Department of Integrative Biology and Physiology and 2 Molecular Biology Institute, University of California-Los Angeles, Los Angeles, CA 90095, USA.
J Cell Biol. 2012 Jun 25;197(7):1009-27. doi: 10.1083/jcb.201110032.
Utrophin is normally confined to the neuromuscular junction (NMJ) in adult muscle and partially compensates for the loss of dystrophin in mdx mice. We show that Akt signaling and utrophin levels were diminished in sarcospan (SSPN)-deficient muscle. By creating several transgenic and knockout mice, we demonstrate that SSPN regulates Akt signaling to control utrophin expression. SSPN determined α-dystroglycan (α-DG) glycosylation by affecting levels of the NMJ-specific glycosyltransferase Galgt2. After cardiotoxin (CTX) injury, regenerating myofibers express utrophin and Galgt2-modified α-DG around the sarcolemma. SSPN-null mice displayed delayed differentiation after CTX injury caused by loss of utrophin and Akt signaling. Treatment of SSPN-null mice with viral Akt increased utrophin and restored muscle repair after injury, revealing an important role for the SSPN-Akt-utrophin signaling axis in regeneration. SSPN improved cell surface expression of utrophin by increasing transportation of utrophin and DG from endoplasmic reticulum/Golgi membranes. Our experiments reveal functions of utrophin in regeneration and new pathways that regulate utrophin expression at the cell surface.
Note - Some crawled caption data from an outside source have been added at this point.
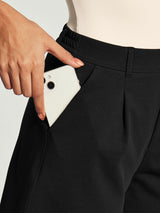 IUGA High Waisted Pleated Wide Leg Shorts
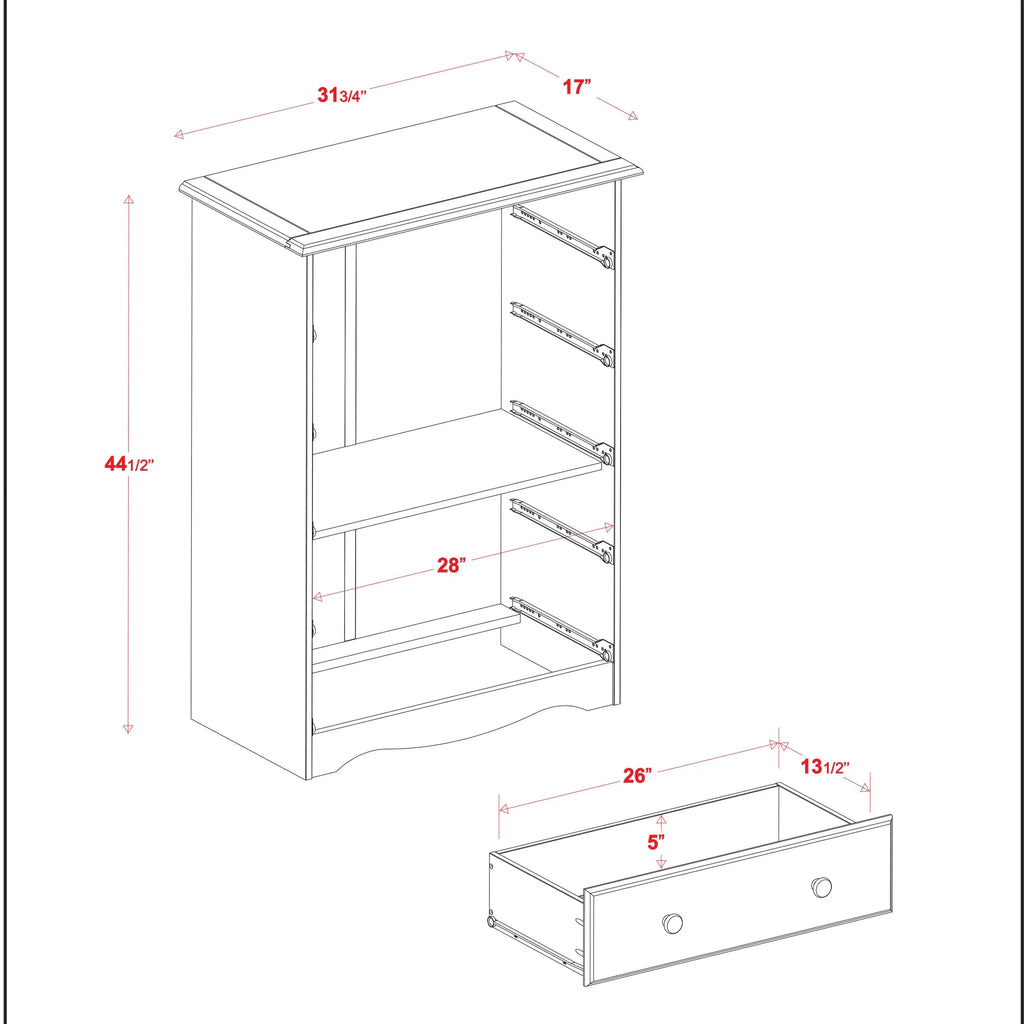 White 5-Drawer Solid Wood Chest Z69495
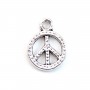 Breloque en peace & love bronze 8.5mm x 4pcs  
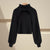 Black Pullover With Cape 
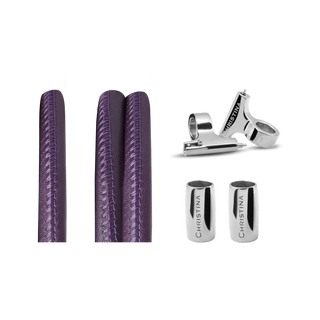 Christina Classic Lædersæt Til Ur - Lilla m. 16 mm Stål T-Bars 604-16Spurple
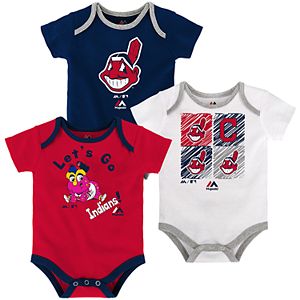 Baby Majestic Cleveland Indians Go Team 3-Pack Bodysuit Set
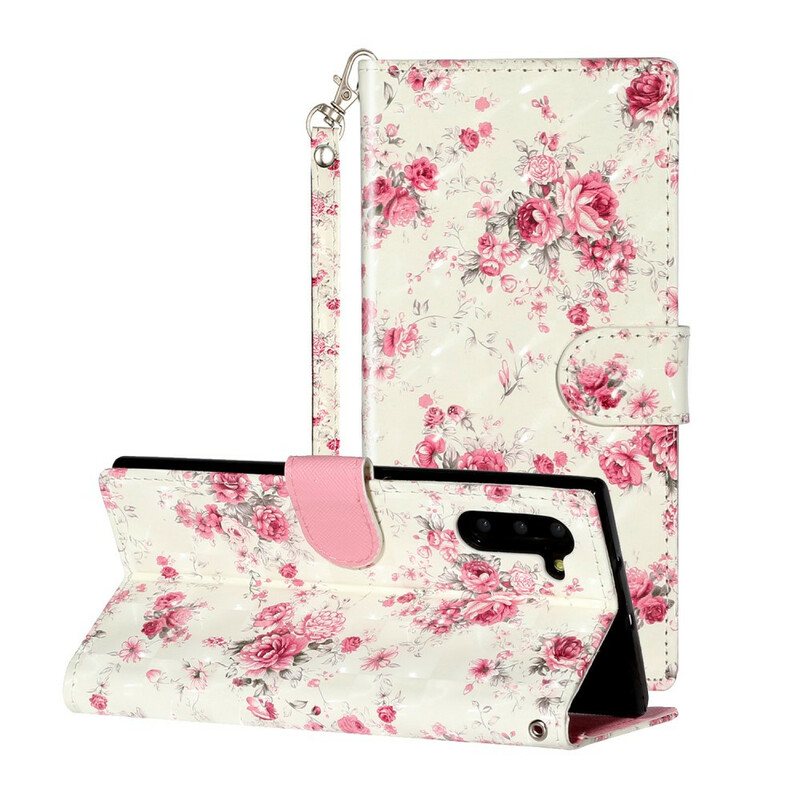 Folio Deksel Til Samsung Galaxy Note 10 Med Kjede Strap Light Spot Flowers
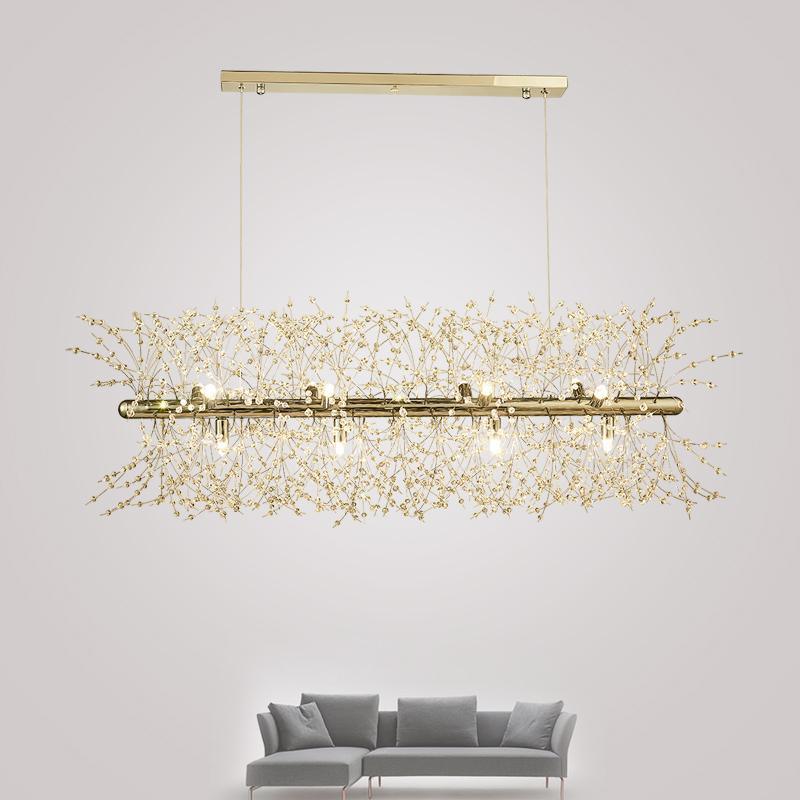 Lustra Chandelier Brass Linear Crystal Branch - Letslighting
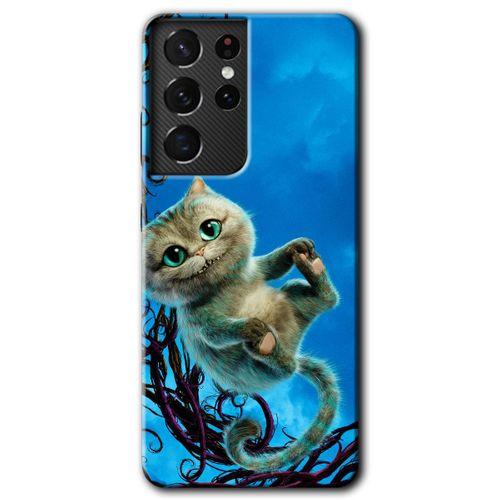 Potkal Hediye Fabrikası Samsung Galaxy S21 Ultra Kılıf HD Desen Baskılı Arka Kapak - Çılgın Kedi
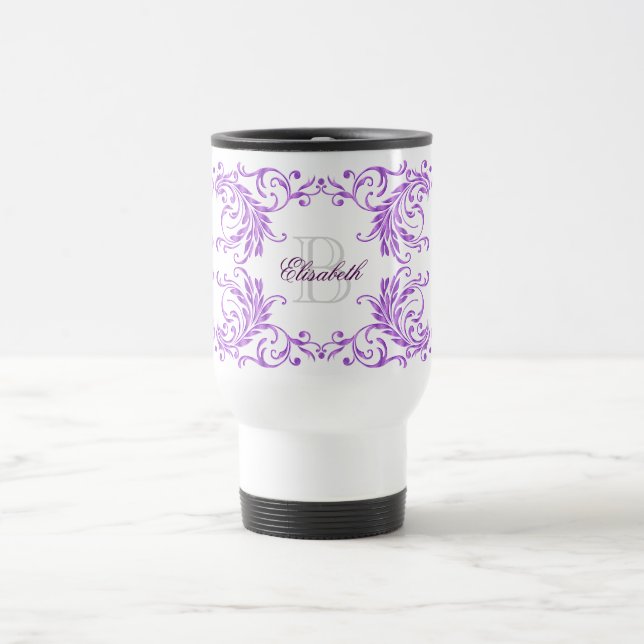 Taza De Viaje Damasco de la violeta del monograma (Centro)
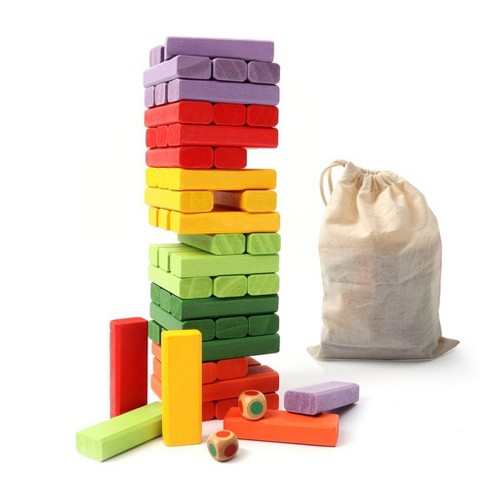 GSE 54-Piece Mini/Medium Tumbling Timbers with Dice, Stacking Floor Game Set for Kids (Build to Over 1.5ft/3ft) - image 1 of 4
肌联蛋白在成人肌肉中通常局限于神经肌肉接点(NMJ),并在 mdx 小鼠中部分补偿肌营养不良蛋白的缺失。我们发现肌联蛋白缺失会导致 Akt 信号和肌联蛋白水平降低。通过创建几种转基因和敲除小鼠,我们证明肌联蛋白调节 Akt 信号以控制肌联蛋白的表达。肌联蛋白通过影响 NMJ 特异性糖基转移酶 Galgt2 的水平来决定 α- 连接蛋白聚糖(α-DG)的糖基化。在心脏毒素(CTX)损伤后,再生肌纤维在肌膜周围表达肌联蛋白和 Galgt2 修饰的 α-DG。肌联蛋白缺失的小鼠在 CTX 损伤后由于肌联蛋白和 Akt 信号的缺失而表现出分化延迟。用病毒 Akt 治疗肌联蛋白缺失的小鼠可增加肌联蛋白的表达,并在损伤后恢复肌肉修复,这表明 SSPN-Akt-肌联蛋白信号轴在再生中起着重要作用。肌联蛋白通过增加内质网/高尔基体膜上肌联蛋白和 DG 的运输,提高肌联蛋白在细胞表面的表达。我们的实验揭示了肌联蛋白在再生中的功能以及调节细胞表面肌联蛋白表达的新途径。